The Business Secretary, Vince Cable, will announce plans for a new graduate tax to replace tuition fees in a speech later today. In a bid to cut costs at universities, he will also suggest introducing two-year degrees in some courses and encouraging more students to live at home.
A graduate tax would mean students repaying the costs of their education through taxation once they begin working, with higher earners paying more. Speaking at London’s South Bank University, Cable will call for a “radical re-think” of how universities in England are funded and say the government wants to work with the sector “to turn the current funding crisis into an opportunity”.
Cable will say that the government should look at the “feasibility of changing the system of financing tuition so the repayment mechanism is tied to earnings – so that maybe lower earners pay not more – maybe less – and higher earners pay more”.

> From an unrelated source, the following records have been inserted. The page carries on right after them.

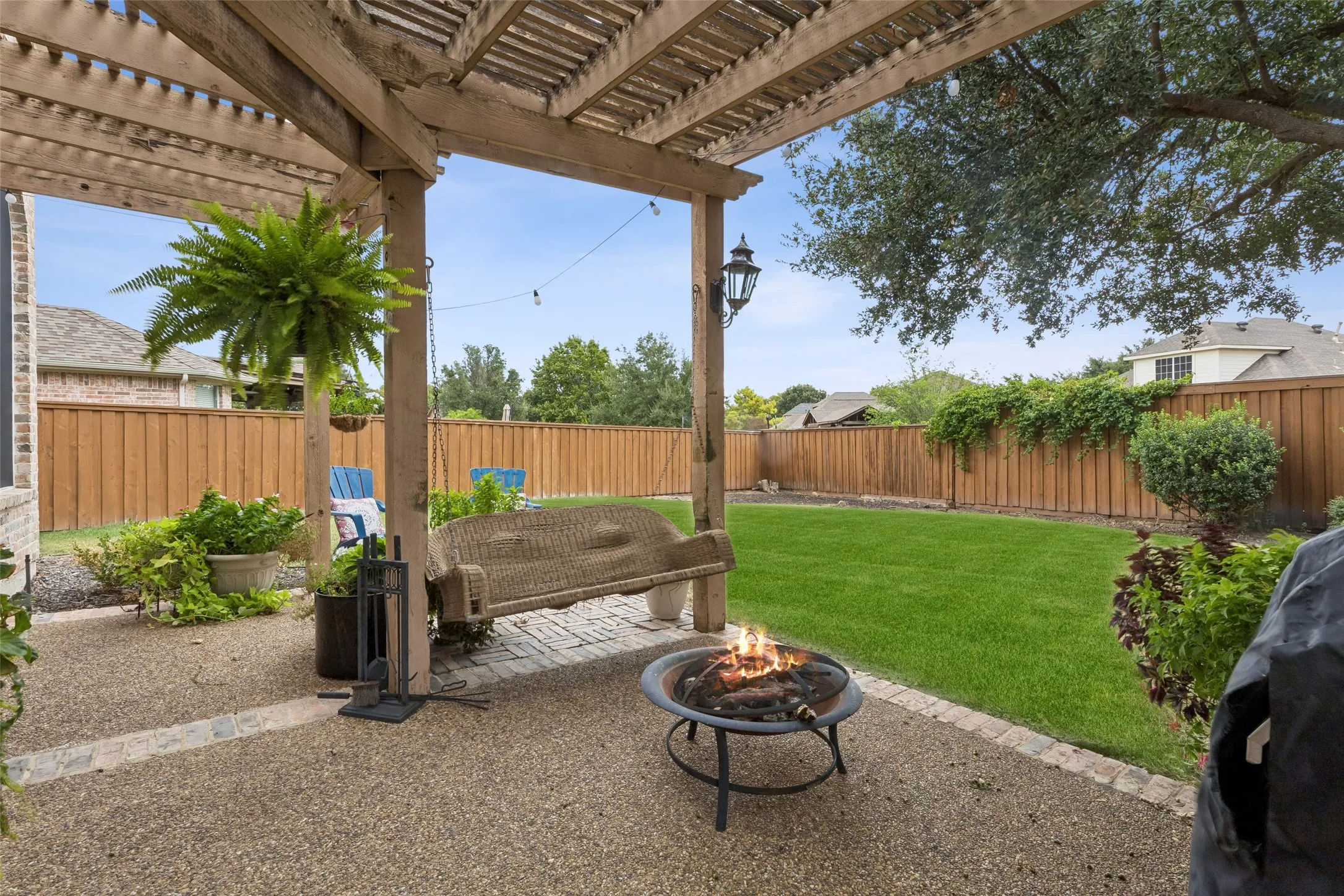 Single Family Residence For Sale in Dallas County , 7914 Kings Court, Rowlett, Texas 75089, 4 Bedroom, 3 Bathroom, 2 Garage spaces, 2,812 Sqft, built in 1999, mls#21390215, Real Estate Agent in Rowlett, Homes For Sale in Dallas county, Homes For Sale in Rowlett, Realtor in Rowlett Texas, Real Estate Brokerage Independent Realty Texas, Luminita Cordes Realtor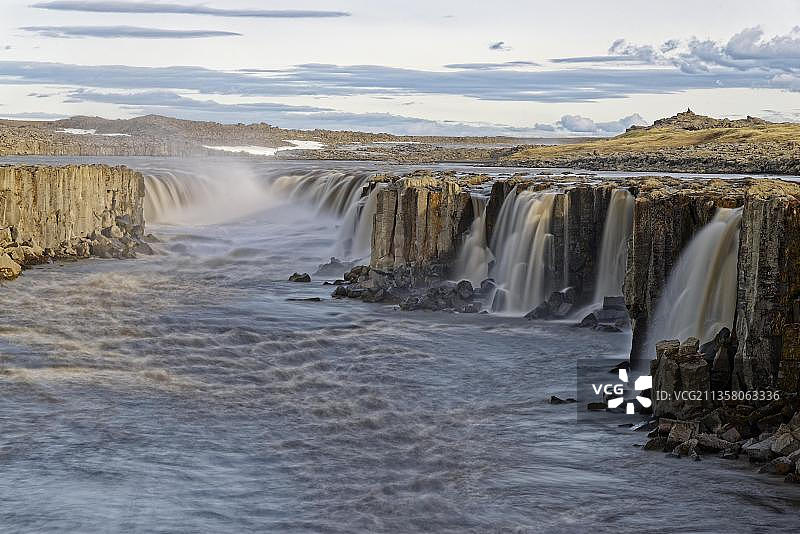 瀑布Selfoss, Joekulsa a Fjoellum河，Joekulsargljufur国家公园，Vatnajoekull国家公园，冰岛，欧洲图片素材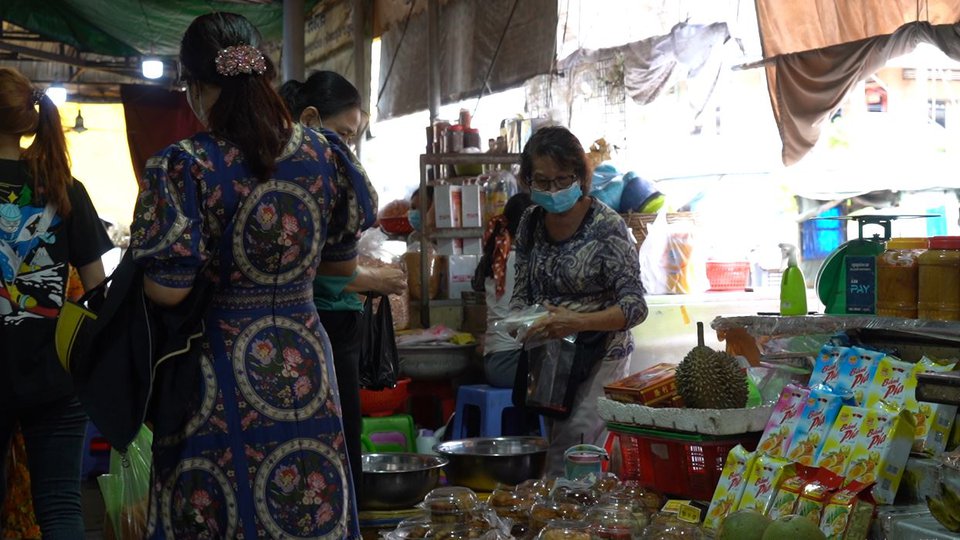 ការលក់នំសែនព្រះខែនៅផ្សារអូឡាំពិជ
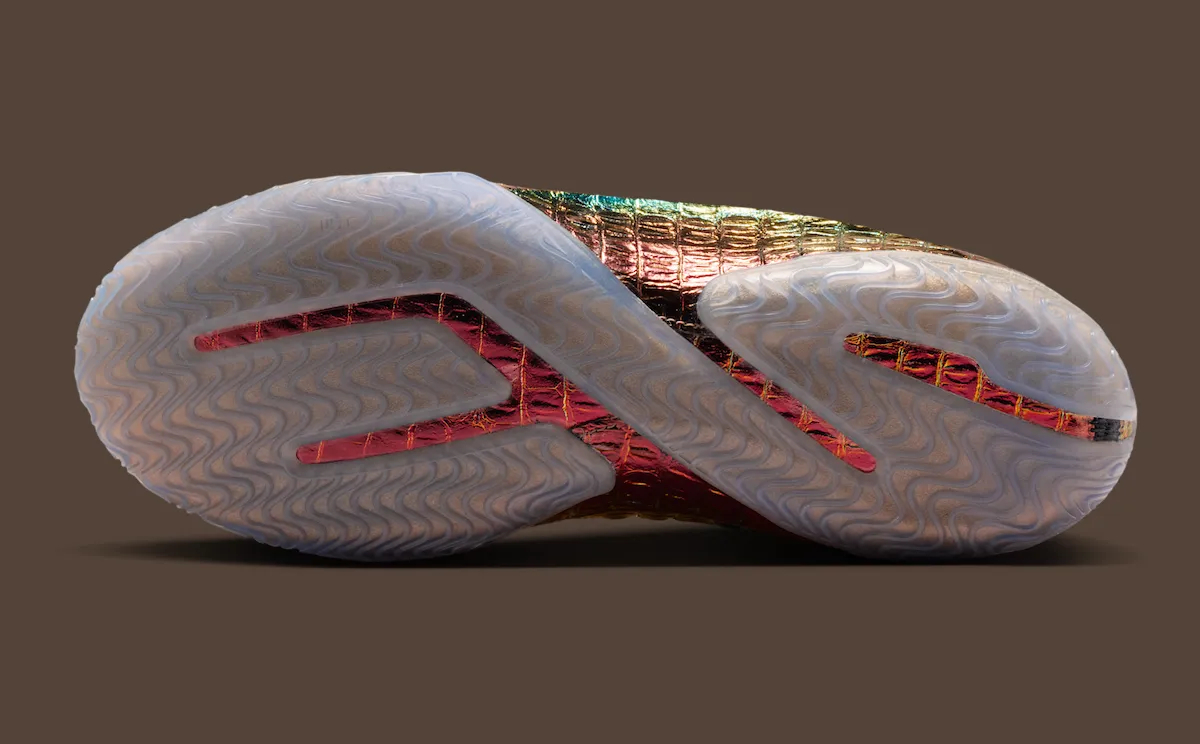 Nike LeBron 23 “Warning Label” 终于定档 4 月 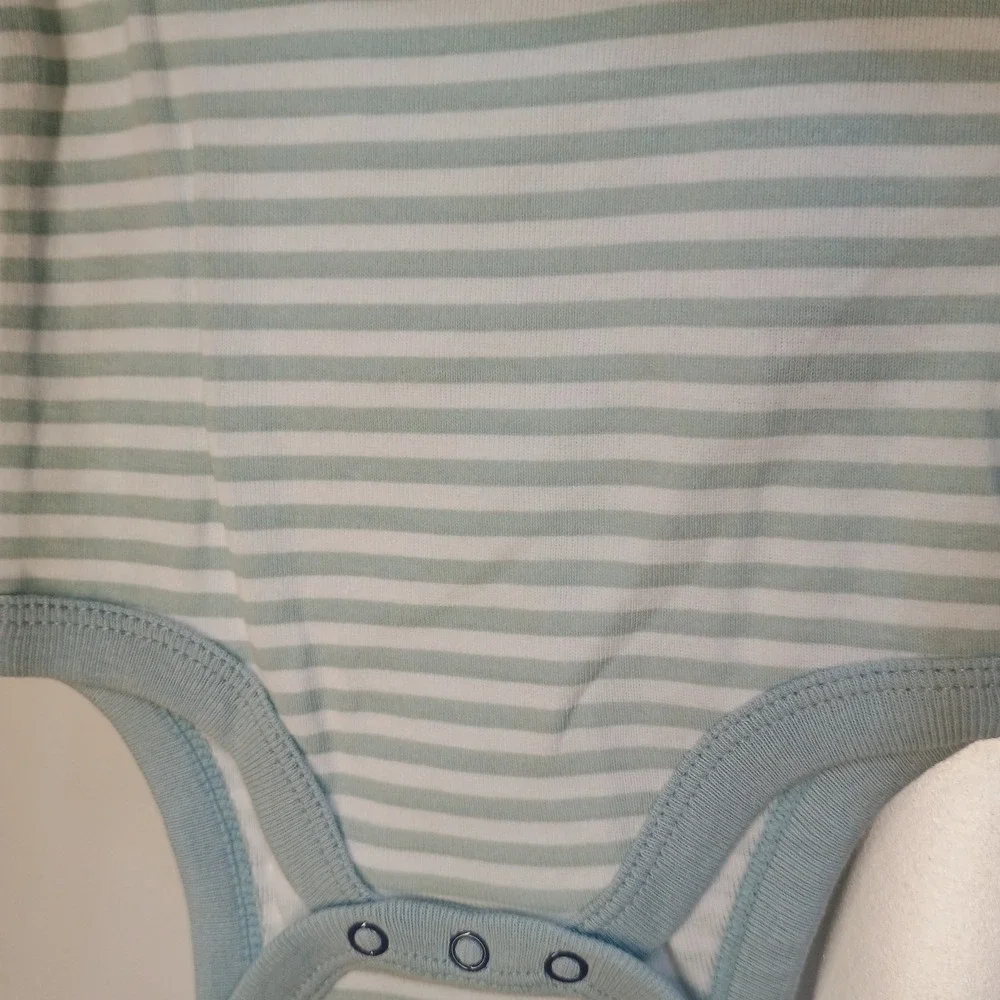 SET‎ OF 4 Cloud Island 0-3 Month Boys Short Sleeve Blue Stripe Baby Bodysuits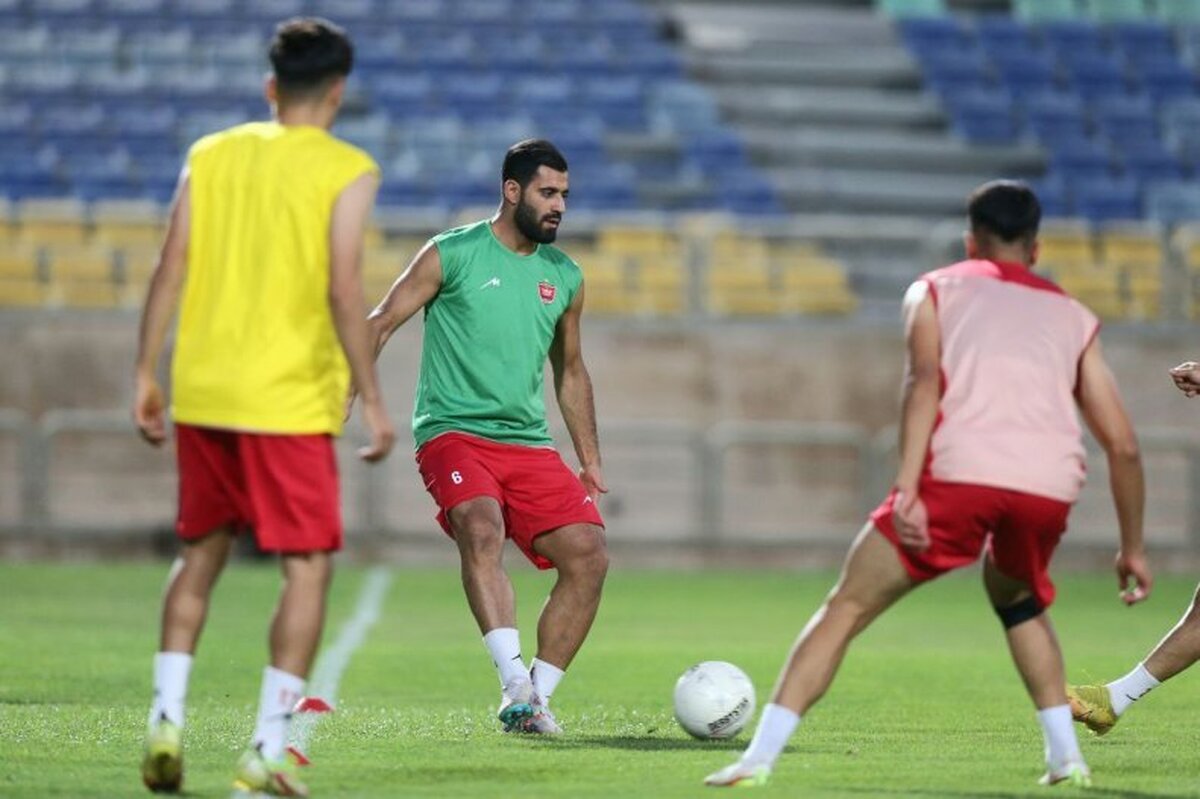 سرمربی پرسپولیس پای تصمیم جنجالی‌اش ماند و البته نتیجه هم گرفت.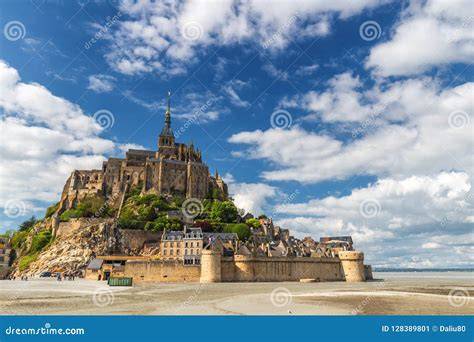 Panoramica del Mont Saint-Michel, con enfasi sulla sua architettura e la marea.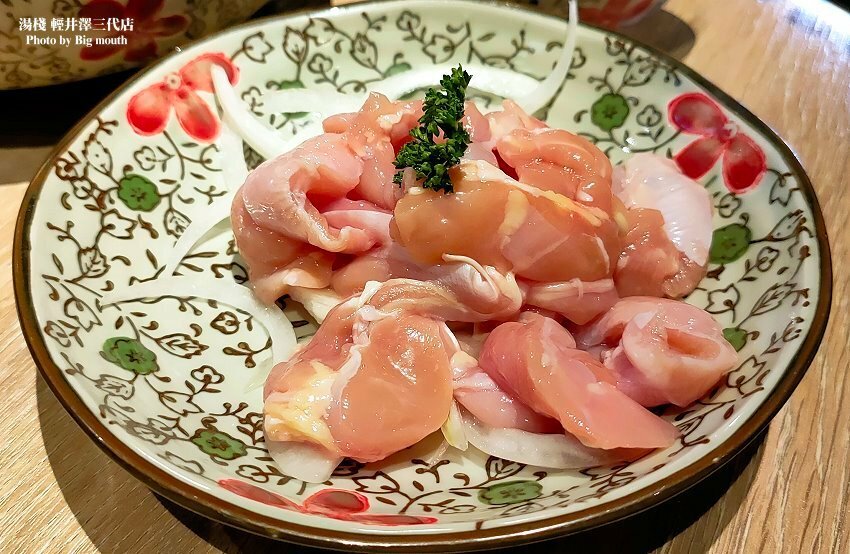 【台中火鍋】湯棧(輕井澤三代店)．主打麻油、燒酒、剝皮辣椒鍋!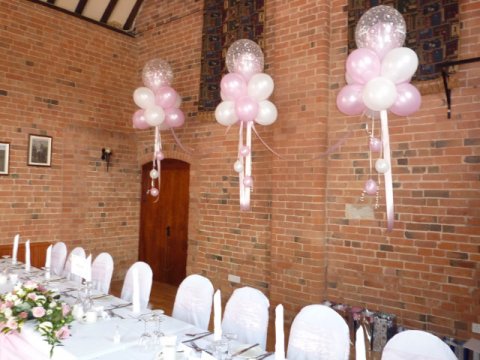 cloud nines - The Giant Party & Balloon Company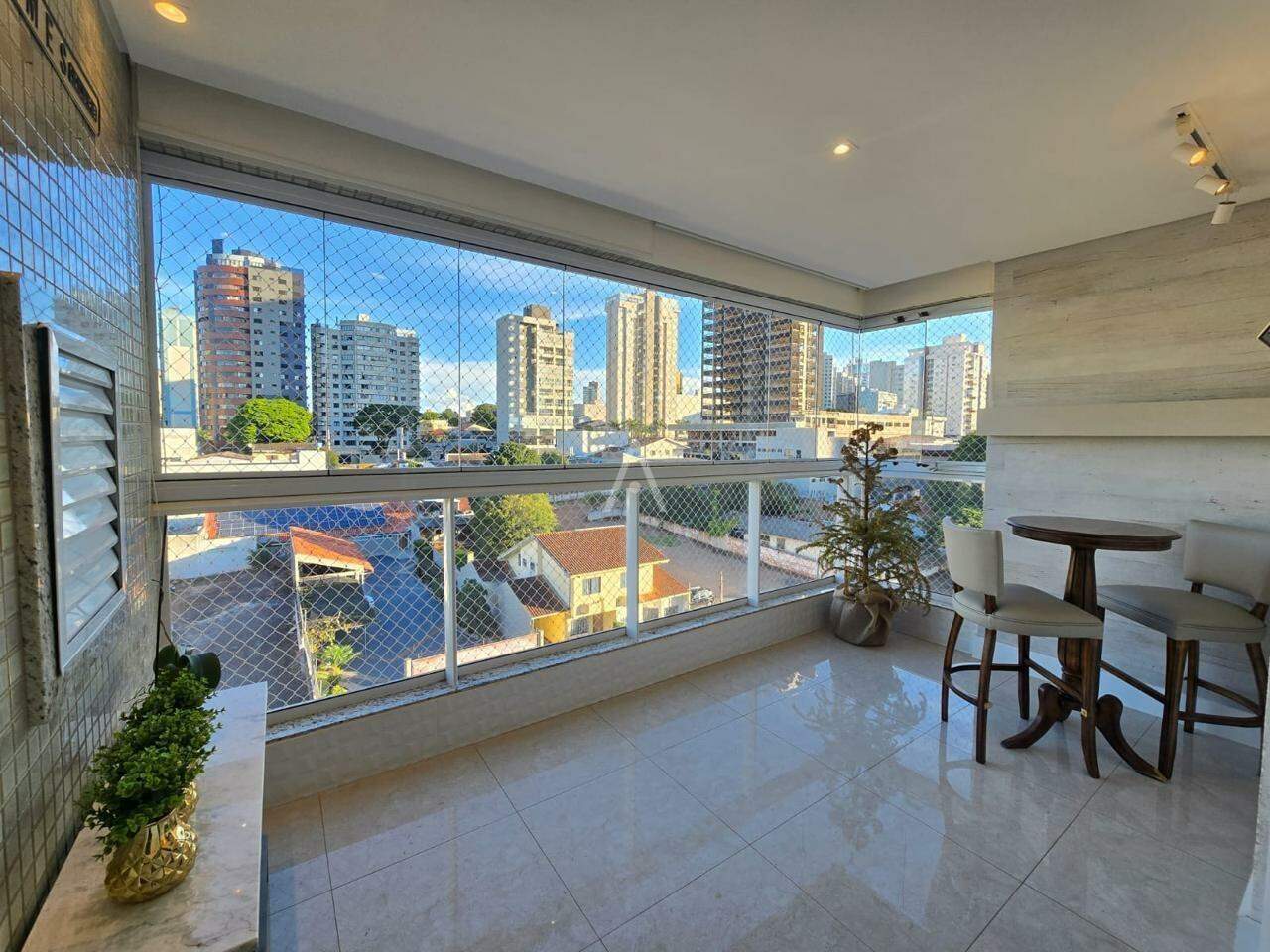 Apartamento para à venda no Bairro CENTRO em CASCAVEL: 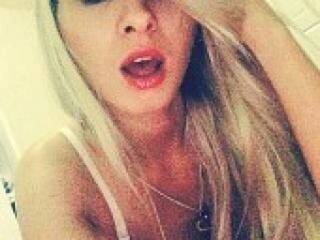 Еротичний відеочат angelinka11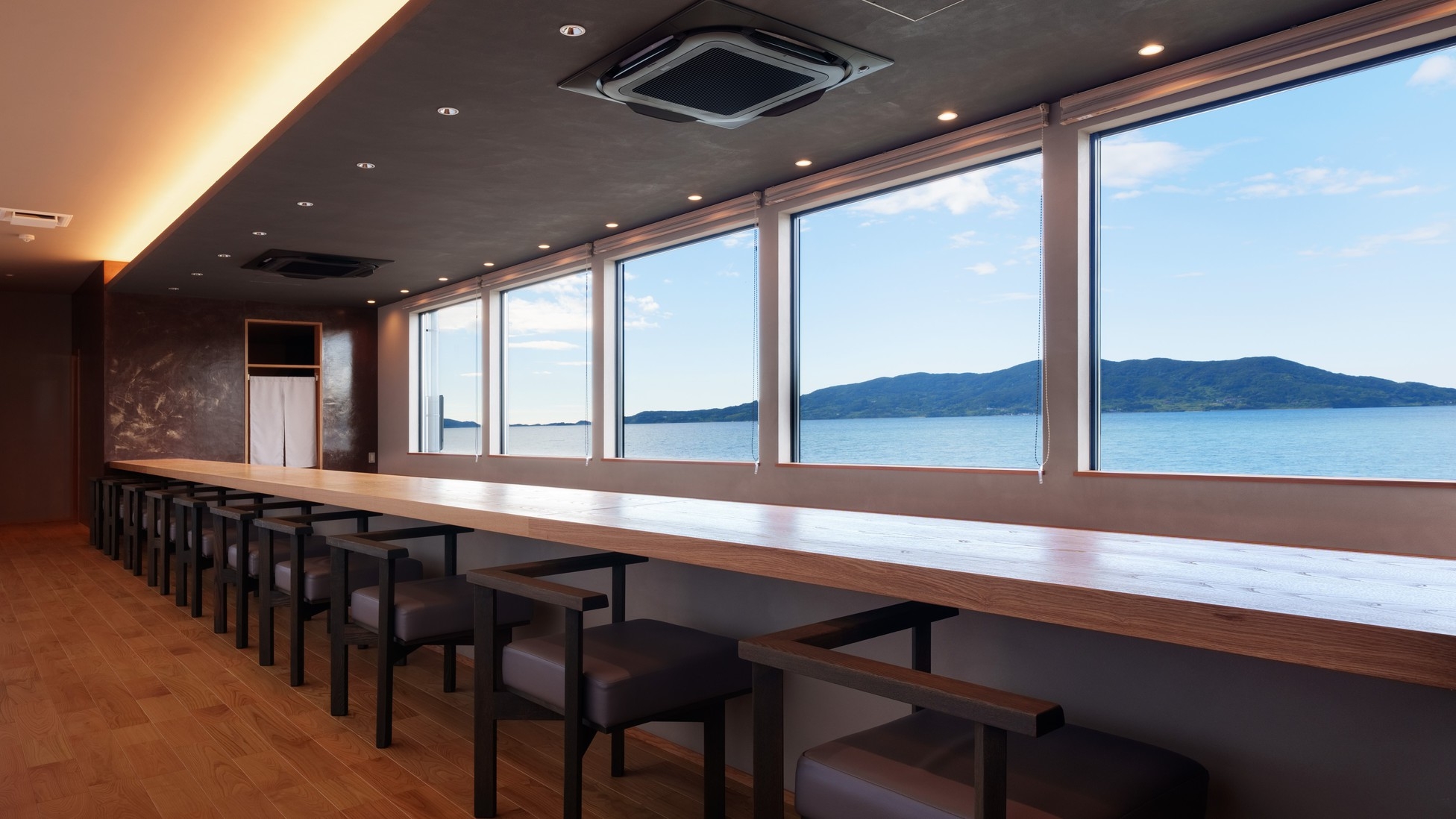 【基本】海の目の前のヴィラを1棟貸し　夕朝食付き　BBQプラン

The University and College Union, which represents lecturers, warned the government that a graduate tax had to be more than just a “rebranding exercise”.
The UCU general secretary, Sally Hunt, said: “If the government thinks it can get the public to swallow higher fees as some sort of graduate tax it is living in a dream world. We need a proper debate on how to fund our universities, not an exercise in rebranding.
“We will judge the plans on what they actually do and whether or not students will be forced to pay more, not how the government markets them.”
But the shadow education secretary, Ed Balls, praised the coalition’s decision to support a graduate tax.
He said: “As the first Labour leadership candidate to call for a graduate tax, I’m pleased that Vince Cable has followed many of my fellow contenders in backing this idea. When I was a Treasury adviser I argued for a graduate tax, because it was a fairer system which meant no upfront costs and no assumed debt for students and their families. It means graduates pay a contribution to the cost of their university education, but only once they are in work and clearly based on their ability to pay.”
All of the Labour leadership candidates, with the exception of David Miliband, have come out in favour of a graduate tax.
In the past, the Liberal Democrats have campaigned for free university education and pledged to phase tuition fees out at the election. The coalition agreement allows them to abstain on votes on the issue.